On a Fox News segment covering the devastation caused by Hurricane Florence in the Carolinas, and in particular, the deaths of more than 30 people, the question was asked, "Where is God in a hurricane?"
Father John Morris, a Fox News religion contributor, spoke about the hopelessness religious people may feel during horrible situations like the hurricane.
He tried to offer advice? I guess? If you ask me, he did a pretty poor job of it. But then again, I went to the trouble of studying the last 2,000+ years of progress we have made in science and philosophy.
He said that a hurricane “is a time in which we can become better people and focus on our relationship with God and our purpose for existing or else we can become bitter and we can just lose all hope.”
Then Morris was specifically asked about this story regarding a mother and her baby who were killed when the hurricane toppled a tree onto their home. The story drew a lot of attention when photos of firefighters praying for the dead mother and child were shared on social media and in the news. After being asked about this story, Morris, if you ask me, really started to go off the rails.
Morris said, "Look at those firefighters, tough guys, who are absolutely helpless in a situation that they're looking at right now."

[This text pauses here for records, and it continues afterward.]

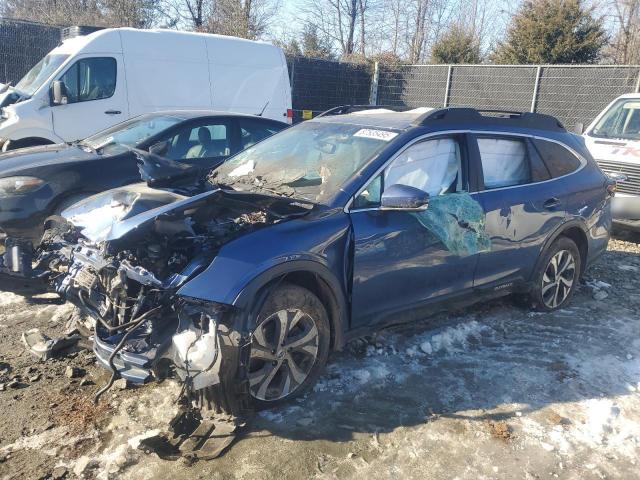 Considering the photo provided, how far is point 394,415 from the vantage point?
348cm

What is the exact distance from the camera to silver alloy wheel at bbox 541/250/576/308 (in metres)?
5.21

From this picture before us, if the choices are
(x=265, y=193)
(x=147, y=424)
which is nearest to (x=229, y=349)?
(x=147, y=424)

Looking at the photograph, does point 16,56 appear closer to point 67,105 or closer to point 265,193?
point 67,105

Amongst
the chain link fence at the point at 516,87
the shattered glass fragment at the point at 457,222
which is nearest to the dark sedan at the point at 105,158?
the shattered glass fragment at the point at 457,222

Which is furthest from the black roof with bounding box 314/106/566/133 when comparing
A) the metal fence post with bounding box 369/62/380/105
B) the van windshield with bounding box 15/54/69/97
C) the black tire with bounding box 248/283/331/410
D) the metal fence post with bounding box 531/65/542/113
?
the metal fence post with bounding box 369/62/380/105

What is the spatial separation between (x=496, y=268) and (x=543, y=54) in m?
16.2

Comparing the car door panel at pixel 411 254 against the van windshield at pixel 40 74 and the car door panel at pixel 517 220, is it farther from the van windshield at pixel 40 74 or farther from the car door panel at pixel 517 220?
the van windshield at pixel 40 74

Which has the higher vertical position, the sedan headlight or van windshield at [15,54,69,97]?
van windshield at [15,54,69,97]

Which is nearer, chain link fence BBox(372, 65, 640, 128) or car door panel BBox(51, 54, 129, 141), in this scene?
car door panel BBox(51, 54, 129, 141)

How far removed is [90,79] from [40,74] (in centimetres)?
81

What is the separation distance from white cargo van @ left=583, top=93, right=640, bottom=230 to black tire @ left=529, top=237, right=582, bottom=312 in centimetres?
229

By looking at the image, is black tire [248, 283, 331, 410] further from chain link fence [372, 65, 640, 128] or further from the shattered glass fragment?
chain link fence [372, 65, 640, 128]

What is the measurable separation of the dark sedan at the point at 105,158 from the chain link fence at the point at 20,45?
34.0ft

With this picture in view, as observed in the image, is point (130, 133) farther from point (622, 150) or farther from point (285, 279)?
point (622, 150) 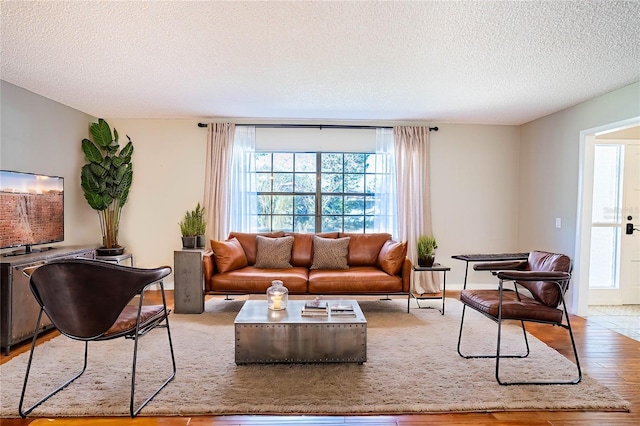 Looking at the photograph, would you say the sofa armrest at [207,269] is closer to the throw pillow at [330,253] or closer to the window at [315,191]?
the throw pillow at [330,253]

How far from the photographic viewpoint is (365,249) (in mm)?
4582

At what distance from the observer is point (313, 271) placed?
432 cm

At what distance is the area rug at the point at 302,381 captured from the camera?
2172mm

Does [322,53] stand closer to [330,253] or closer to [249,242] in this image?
[330,253]

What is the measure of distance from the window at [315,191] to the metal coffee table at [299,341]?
8.79 ft

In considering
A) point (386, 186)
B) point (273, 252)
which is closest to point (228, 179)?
point (273, 252)

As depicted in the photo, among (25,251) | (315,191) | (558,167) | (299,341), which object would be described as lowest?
(299,341)

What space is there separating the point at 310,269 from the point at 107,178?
2784 millimetres

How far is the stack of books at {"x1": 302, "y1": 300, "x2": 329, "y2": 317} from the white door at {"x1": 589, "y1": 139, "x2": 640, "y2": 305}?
3636 millimetres

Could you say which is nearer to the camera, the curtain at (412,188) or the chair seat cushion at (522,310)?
the chair seat cushion at (522,310)

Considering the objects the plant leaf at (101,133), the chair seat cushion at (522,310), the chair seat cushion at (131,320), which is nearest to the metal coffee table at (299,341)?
the chair seat cushion at (131,320)

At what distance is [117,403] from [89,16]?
231cm

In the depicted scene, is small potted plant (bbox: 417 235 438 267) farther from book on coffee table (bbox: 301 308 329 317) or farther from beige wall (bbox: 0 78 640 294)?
book on coffee table (bbox: 301 308 329 317)

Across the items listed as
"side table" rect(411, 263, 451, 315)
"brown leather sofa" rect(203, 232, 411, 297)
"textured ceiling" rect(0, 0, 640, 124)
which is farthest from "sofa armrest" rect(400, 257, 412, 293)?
"textured ceiling" rect(0, 0, 640, 124) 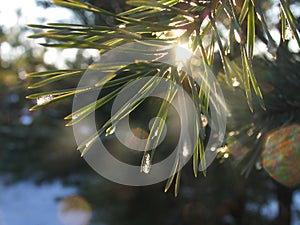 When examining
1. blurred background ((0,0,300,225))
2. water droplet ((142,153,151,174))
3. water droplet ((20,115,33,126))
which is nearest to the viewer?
water droplet ((142,153,151,174))

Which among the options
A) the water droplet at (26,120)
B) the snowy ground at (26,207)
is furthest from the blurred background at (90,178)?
the snowy ground at (26,207)

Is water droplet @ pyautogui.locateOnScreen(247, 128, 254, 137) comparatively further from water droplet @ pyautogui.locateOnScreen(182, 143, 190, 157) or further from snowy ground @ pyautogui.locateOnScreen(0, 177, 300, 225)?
snowy ground @ pyautogui.locateOnScreen(0, 177, 300, 225)

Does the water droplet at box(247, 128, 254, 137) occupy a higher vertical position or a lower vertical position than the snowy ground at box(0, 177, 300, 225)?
higher

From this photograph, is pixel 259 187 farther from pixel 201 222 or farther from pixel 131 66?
pixel 131 66

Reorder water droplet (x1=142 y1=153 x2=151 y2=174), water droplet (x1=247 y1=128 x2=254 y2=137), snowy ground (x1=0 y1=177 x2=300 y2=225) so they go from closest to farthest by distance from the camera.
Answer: water droplet (x1=142 y1=153 x2=151 y2=174), water droplet (x1=247 y1=128 x2=254 y2=137), snowy ground (x1=0 y1=177 x2=300 y2=225)

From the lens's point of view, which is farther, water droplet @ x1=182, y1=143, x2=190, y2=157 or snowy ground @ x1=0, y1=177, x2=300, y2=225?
snowy ground @ x1=0, y1=177, x2=300, y2=225

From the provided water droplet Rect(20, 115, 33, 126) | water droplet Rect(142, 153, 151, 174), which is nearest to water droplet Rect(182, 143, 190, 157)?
water droplet Rect(142, 153, 151, 174)

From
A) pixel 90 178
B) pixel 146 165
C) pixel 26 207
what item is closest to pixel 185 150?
pixel 146 165

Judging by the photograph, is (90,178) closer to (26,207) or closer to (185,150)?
(185,150)

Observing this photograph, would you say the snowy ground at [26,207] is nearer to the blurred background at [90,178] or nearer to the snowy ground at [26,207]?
the snowy ground at [26,207]

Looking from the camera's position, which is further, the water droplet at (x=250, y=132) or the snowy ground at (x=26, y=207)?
the snowy ground at (x=26, y=207)

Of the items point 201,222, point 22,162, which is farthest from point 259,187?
point 22,162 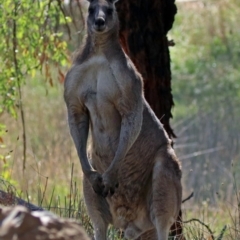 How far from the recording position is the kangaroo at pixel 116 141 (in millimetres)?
6285

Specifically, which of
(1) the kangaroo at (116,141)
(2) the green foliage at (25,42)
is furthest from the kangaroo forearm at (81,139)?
(2) the green foliage at (25,42)

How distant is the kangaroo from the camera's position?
6.29 metres

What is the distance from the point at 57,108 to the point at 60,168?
266 cm

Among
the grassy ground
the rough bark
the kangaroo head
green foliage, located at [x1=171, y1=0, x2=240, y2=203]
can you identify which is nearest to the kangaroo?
the kangaroo head

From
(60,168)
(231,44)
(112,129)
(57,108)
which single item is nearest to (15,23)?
(112,129)

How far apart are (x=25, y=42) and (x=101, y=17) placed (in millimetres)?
2132

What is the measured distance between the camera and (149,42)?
804cm

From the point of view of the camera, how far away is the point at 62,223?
327cm

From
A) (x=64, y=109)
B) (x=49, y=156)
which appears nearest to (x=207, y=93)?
(x=64, y=109)

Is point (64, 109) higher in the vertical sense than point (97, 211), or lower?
higher

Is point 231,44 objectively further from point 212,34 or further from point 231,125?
point 231,125

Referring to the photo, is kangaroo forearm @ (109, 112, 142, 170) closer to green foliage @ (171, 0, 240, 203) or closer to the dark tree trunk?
the dark tree trunk

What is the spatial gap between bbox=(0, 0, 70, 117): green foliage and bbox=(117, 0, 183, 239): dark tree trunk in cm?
55

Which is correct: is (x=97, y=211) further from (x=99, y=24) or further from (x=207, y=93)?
(x=207, y=93) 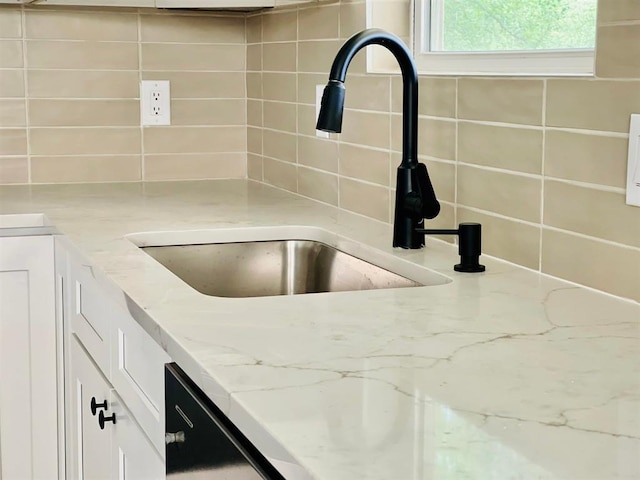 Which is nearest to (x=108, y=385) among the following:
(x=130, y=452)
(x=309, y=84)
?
(x=130, y=452)

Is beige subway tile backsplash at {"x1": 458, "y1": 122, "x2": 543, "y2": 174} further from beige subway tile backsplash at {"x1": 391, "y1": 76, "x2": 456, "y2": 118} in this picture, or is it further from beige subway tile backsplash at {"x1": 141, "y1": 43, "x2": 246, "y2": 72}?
beige subway tile backsplash at {"x1": 141, "y1": 43, "x2": 246, "y2": 72}

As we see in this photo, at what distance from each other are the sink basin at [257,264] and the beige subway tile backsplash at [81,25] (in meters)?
0.96

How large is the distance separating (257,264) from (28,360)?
1.81ft

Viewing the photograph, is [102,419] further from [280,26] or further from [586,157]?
[280,26]

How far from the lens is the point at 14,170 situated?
2514 millimetres

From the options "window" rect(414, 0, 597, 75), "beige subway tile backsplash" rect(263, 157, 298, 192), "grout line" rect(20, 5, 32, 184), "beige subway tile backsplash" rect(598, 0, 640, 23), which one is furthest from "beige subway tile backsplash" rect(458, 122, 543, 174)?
"grout line" rect(20, 5, 32, 184)

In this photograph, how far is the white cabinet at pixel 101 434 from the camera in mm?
1340

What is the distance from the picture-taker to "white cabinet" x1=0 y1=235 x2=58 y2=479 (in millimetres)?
1965

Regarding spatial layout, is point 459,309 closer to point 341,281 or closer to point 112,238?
point 341,281

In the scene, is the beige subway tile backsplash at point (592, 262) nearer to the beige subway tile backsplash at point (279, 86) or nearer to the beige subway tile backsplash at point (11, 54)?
the beige subway tile backsplash at point (279, 86)

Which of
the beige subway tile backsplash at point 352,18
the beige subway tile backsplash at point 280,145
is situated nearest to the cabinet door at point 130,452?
the beige subway tile backsplash at point 352,18

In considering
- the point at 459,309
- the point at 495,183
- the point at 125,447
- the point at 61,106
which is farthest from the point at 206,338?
the point at 61,106

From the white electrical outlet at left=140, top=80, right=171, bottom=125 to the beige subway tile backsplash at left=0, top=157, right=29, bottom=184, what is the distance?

"I believe there is meaning, I believe there is life after death, I believe there is salvation, redemption, offered to us if we accept that," he somewhat awkwardly continued. "And of course, innocent... innocent life like this, a child, we can have great confidence that God will have great mercy, that there is life after death."
So, God's plan was to kill this little baby and her mother. And that PROVES there is life after death, because that is why God killed them with this storm.
This cornucopia of special pleading and begging the question would be laughable if it was not so prevalent among so many religious people today. I continue to get hate-mail/angry comments from people who try to come at me with what they think are great arguments, but are just riddled with logical fallacies like this.
Terrible things can happen to people who we would otherwise think do not deserve it. That is the natural world we live in. There is no divine providence, no ordained fate, no holy decree, and the sooner we can come to terms with that, the better. The only thing we can do to make the world a better place is to come together, with one another, and strive for a better life for everyone.